Trixie, it strikes me that what you need is a good riding instructor. You need to find one that suits your personality.

Instructors come in two sexes, tall or short, cheap or expensive, competent or ignorant, likeable or dislikeable. Good or bad.

A good instructor is almost worth his/her weight in gold - the problem is that they are as hard to find.

You pays your money and makes your choice.


----------



## tinyliny (Oct 31, 2009)

If being able to mount from the ground is any criterion of whether you should ride or not, heck, half the folks on this forum would be out of luck. I can't mount from the ground, but I manage to ride. And, getting on with a slight pause can be a good thing. Many pros will put weight in the stirrup, stand on it and wait for a sec before swinging over to be sure the horse is ok with this.
Once thing that will help you mount up is to really spring off your grounded foot and when you spring up, think of bringing your right hip toward the pommel, slight pause with your body tucked right hip against the edge of the pommel and more of your weight over the horse's body, then swing that right leg over.

Getting off, I swing right leg over, take left leg out of stirrup, make sure I am not hung up on horn, then slide to the ground , both legs touching at same time.


----------



## trixie1128 (Nov 21, 2011)

Thank you to everyone for the replies. It seems I should look for another place for lessons. Off to make another thread about looking for a riding instructor.

@tinyliny Thanks for the tips. I will try to keep that in mind next time I ride.


----------



## kitten_Val (Apr 25, 2007)

trixie1128 said:


> I certainly can't mount from the ground. But, with a mounting block I can get in the saddle.
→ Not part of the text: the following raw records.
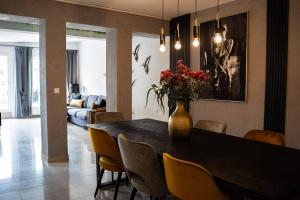 JUNIK Apartments im Stadtzentrum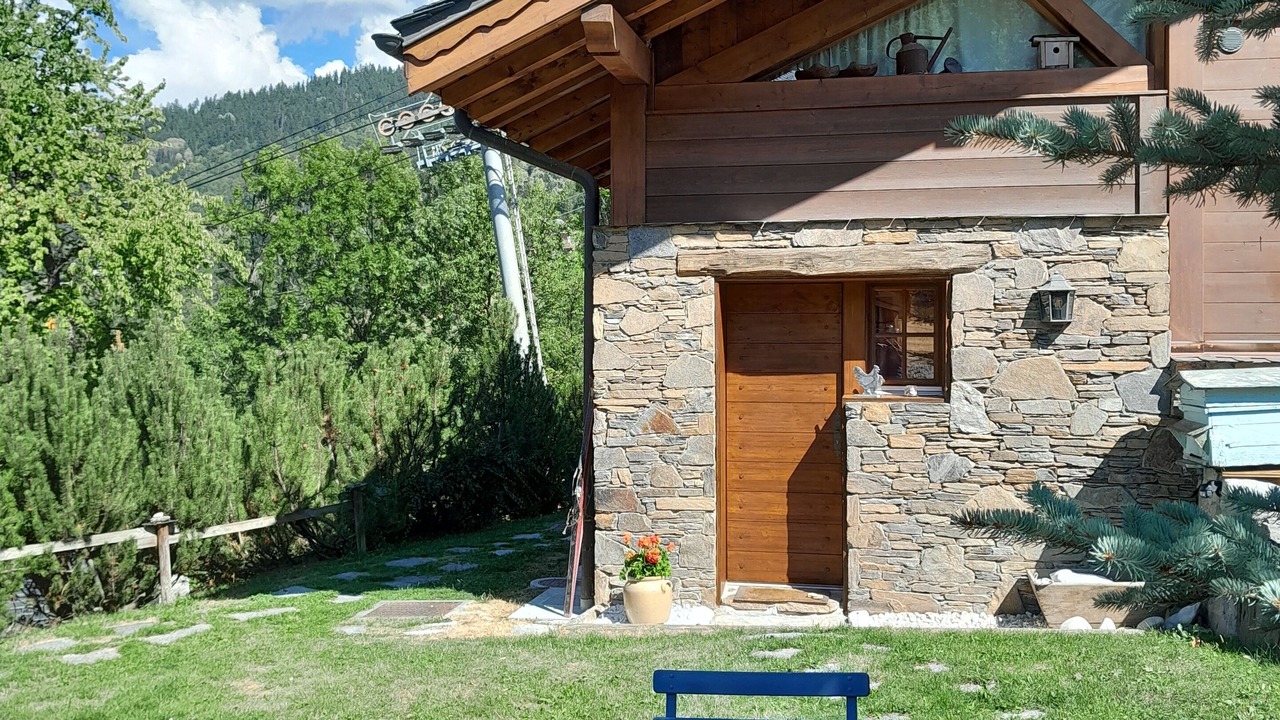 Photo of Outdoor in Les Allues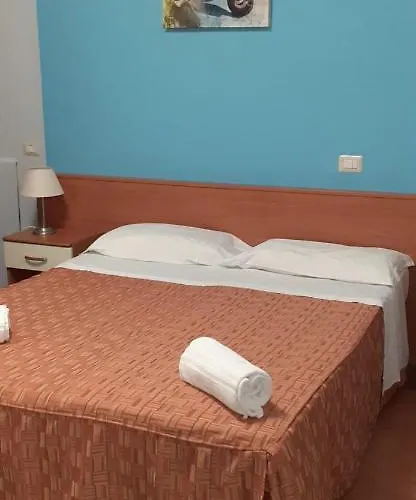 Kassiopea Apartmanhotel Messina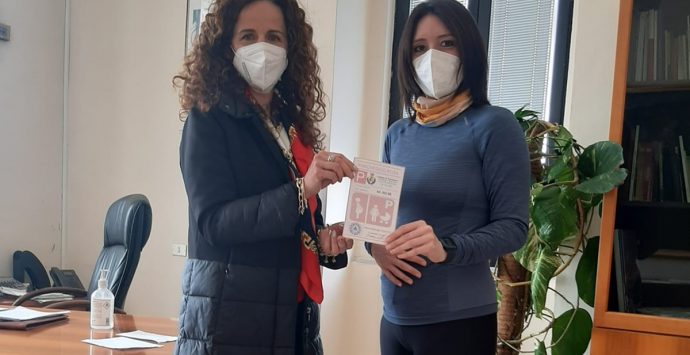 Taurianova, consegnato il primo “Pass rosa” per le donne in gravidanza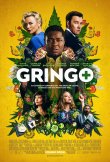 Gringo Movie Review English Movie Review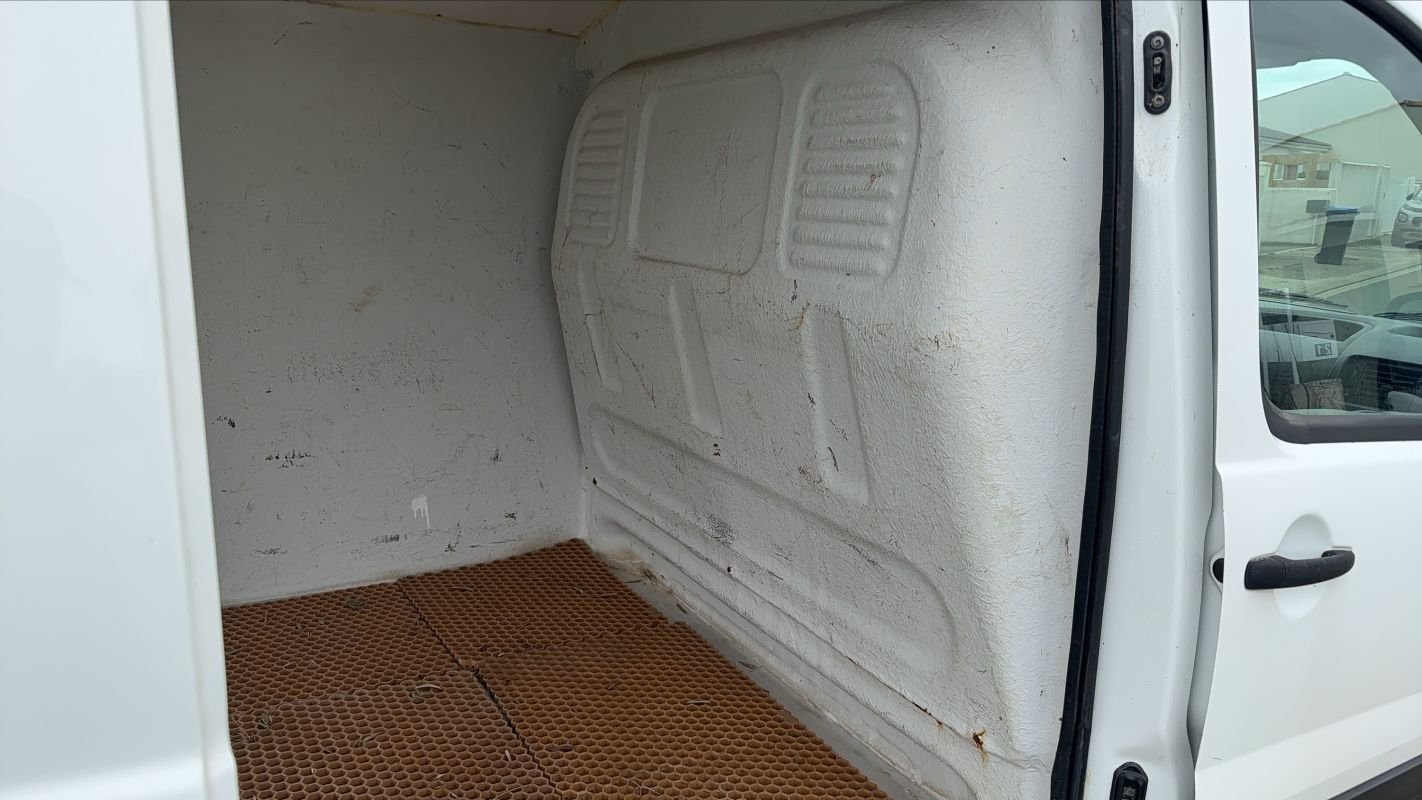 Fiat Scudo - Photo 9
It really isn't pretty. I have a tendency to step, wait, then swing over instead of 1 fluid movement. Dismounting I hold the saddle too long because I'm a little afraid of falling on my *** instead of landing. Again, I'm a klutz and I've done it before.
> 
> I was told I was too weak to stop a horse from falling if it trips or jump off if I have to. I'm sure I can make it to the ground if I need to. It won't be pretty, but not a whole lot will be right now. I can help balance if he trips some, but I know I can't stop him from going down if he really has to.


Wow! Simply wow! I'm 5'9", one of my horses is little 14'3" qh, and I use mounting block every single time I get on her (and let me say it's not the prettiest either - I'm slow  ). As for stopping horse from tripping/jumping off... I just have no words. Do you ride a bronco or what? Things happen, yes, but it's not like each of us is expecting a horse to trip and fall. And how already was mentioned what about people with disabilities riding! Some can't jump off at all, and still enjoying the ride (example would be that girl in video GH posted recently, in "Horse Talk"). 

My best advice would be to change an instructor. Because all those reasoning sound quite ridiculous to me.


----------



## MyBoyPuck (Mar 27, 2009)

Wow, nice instructor you have there. Too weak to ride?? Heck, I have trouble lifting my saddle off the top rung of the saddle rack, but too weak to ride? I don't think so! Definitely find an instructor who is more supportive of your efforts.


----------



## ThursdayNext (Oct 18, 2011)

trixie1128 said:


> I was told I was too weak to stop a horse from falling if it trips or jump off if I have to. I'm sure I can make it to the ground if I need to. It won't be pretty, but not a whole lot will be right now. I can help balance if he trips some, but I know I can't stop him from going down if he really has to.


WTH? I'm an athletic powerhouse and if my horse trips so badly he's going to fall down, there isn't a darn thing I am going to be able to do to stop him. And jumping off a horse? What kind of instructor offers "jumping off the horse" as an *option* let alone a pre-requisite ability?

I really am an athletic powerhouse (for my age, at least ) , but even so, there are all kinds of muscles that you don't use for anything else but riding, and of course they are not going to be developed when you start out. My trainer had me doing a bunch of things *meant* to develop those muscles, like riding around the ring in two-point, etc. That's one of the things the trainer is for!

There are a couple of things that could be going on with your trainer:
1. doesn't want to teach *you* for some reason
2. is an idiot.

Either way the solution is the same: new trainer.


----------



## QOS (Dec 8, 2008)

Wow...sham wow at that. Too weak to ride? :shock: Is that a joke on his part? :evil: I started back riding 3 years ago. I had a tall horse with long legs and I have short legs and am bottom heavy :lol: I had a hard time mounting an Aussie Saddle on my horse - heck it would roll! So if a prerequisite was that I could mount I would have been SOL.  I now have a shorter horse, lost some weight (not enough!) and a different saddle. I still mount up to ride on a mounting block. It is easier on my horse but I can now mount up most of the time AFTER I have rode for awhile and limber up. 

As for getting off - I still lay across my saddle sometimes before coming down to the ground. I have a really bad knee and I have to be very careful so I do all the things you are doing so get another instructor who is not so critical about things that don't matter (catch a horse that is tripping oh please!!) and get out there and ride! Yeah..you will get stronger but you don't have to be a weight lifter to ride!


----------



## jinxremoving (Apr 6, 2009)

I'm not a very big person and I was having trouble keeping enough leg on a lazy horse that I wasn't familiar with. I thought I was too weak and that my awfully girly legs were the problem, so I told the instructor that and she pointed to her daughter who is half my size and asked if she looked too weak? I said no, then she went on about how her daughter can ride that horse without any trouble and went on about how size doesn't matter - it's how you ride the horse that matters.


----------